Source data
........
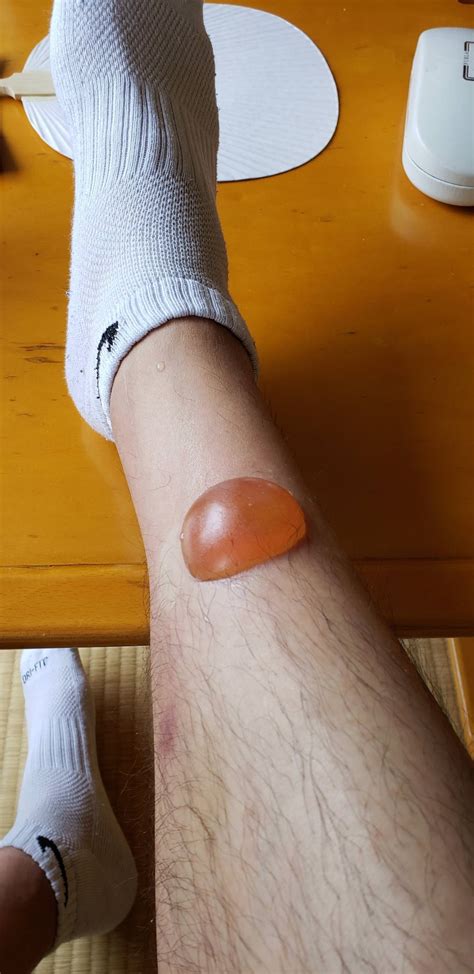 HUGE blister from mosquito(?) bite : r/AskDocs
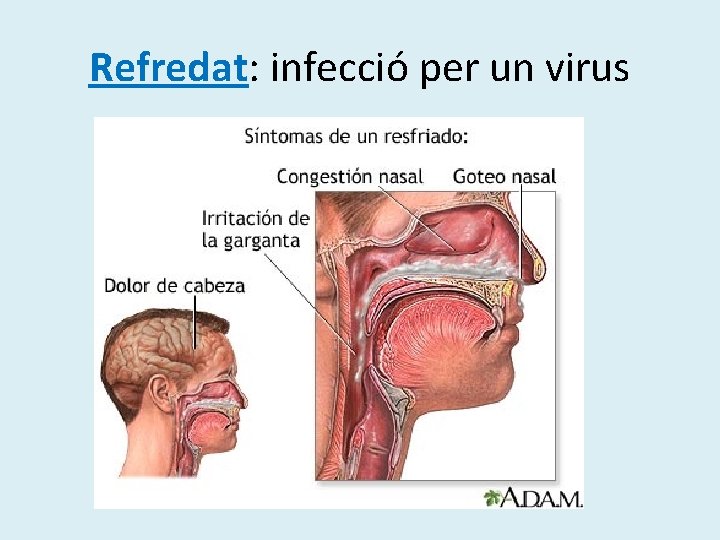 Refredat: infecció per un virus Refredat: infecció per un virus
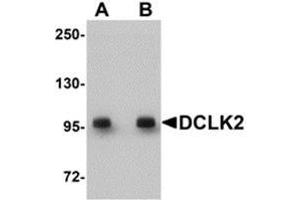 Western blot analysis of DCLK2 in rat brain tissue lysate with AP30277PU-N DCLK2 antibody at (A) 1 and (B) 2 μg/ml. (DCLK2 Antikörper  (C-Term))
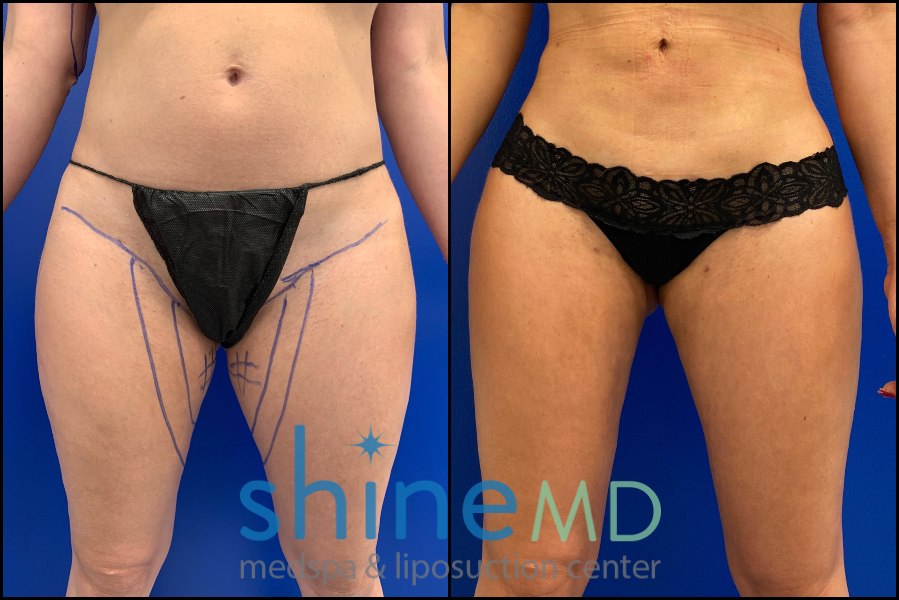 inner thigh lipo before and after results front view 002034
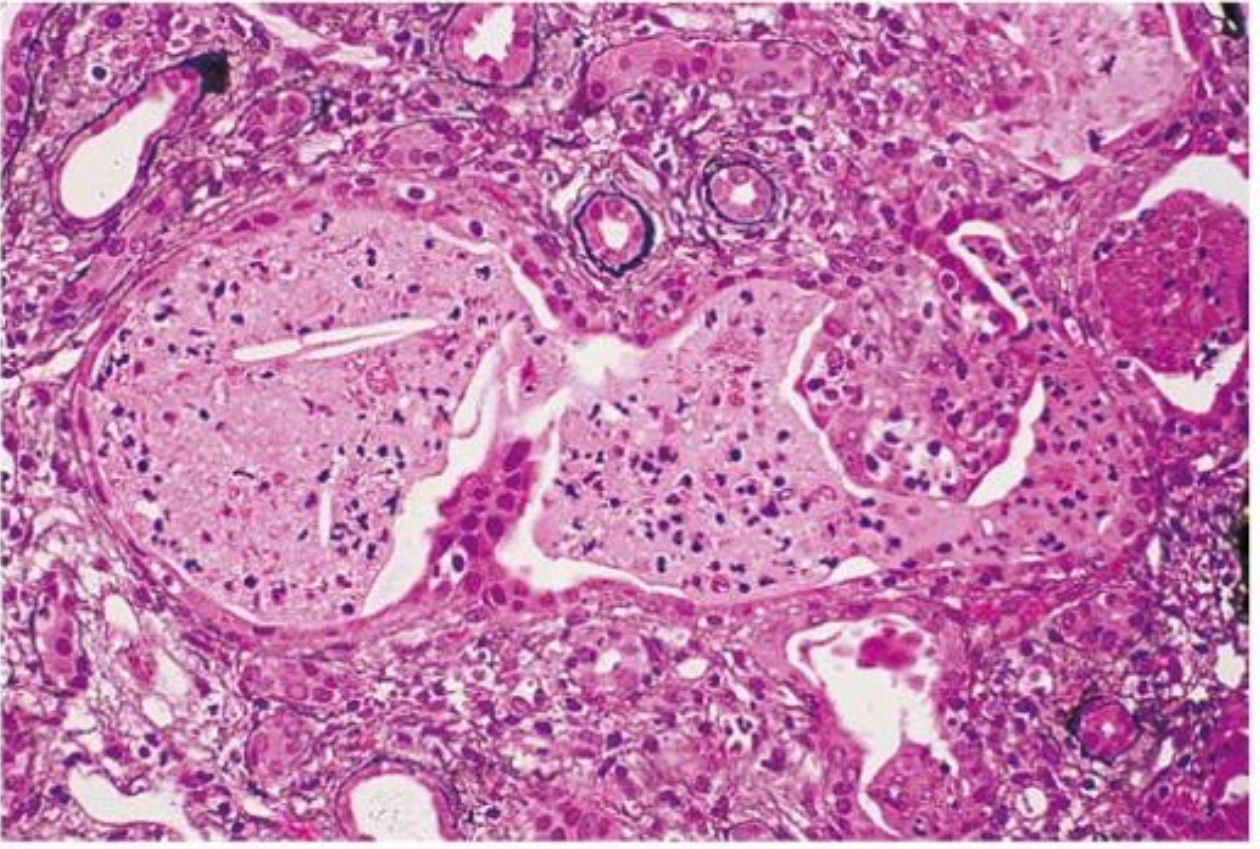 Acute pyelonephritis histology: dilated tubules filled with neutrophils (pus casts), interstitial inflammation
........
= Directions =
Your job is to transcribe the records exactly and in full. Pictures are not part of the copy.

= Answer for this exercise =
 HUGE blister from mosquito(?) bite : r/AskDocs
 Refredat: infecció per un virus Refredat: infecció per un virus
 Western blot analysis of DCLK2 in rat brain tissue lysate with AP30277PU-N DCLK2 antibody at (A) 1 and (B) 2 μg/ml. (DCLK2 Antikörper  (C-Term))
 inner thigh lipo before and after results front view 002034
 Acute pyelonephritis histology: dilated tubules filled with neutrophils (pus casts), interstitial inflammation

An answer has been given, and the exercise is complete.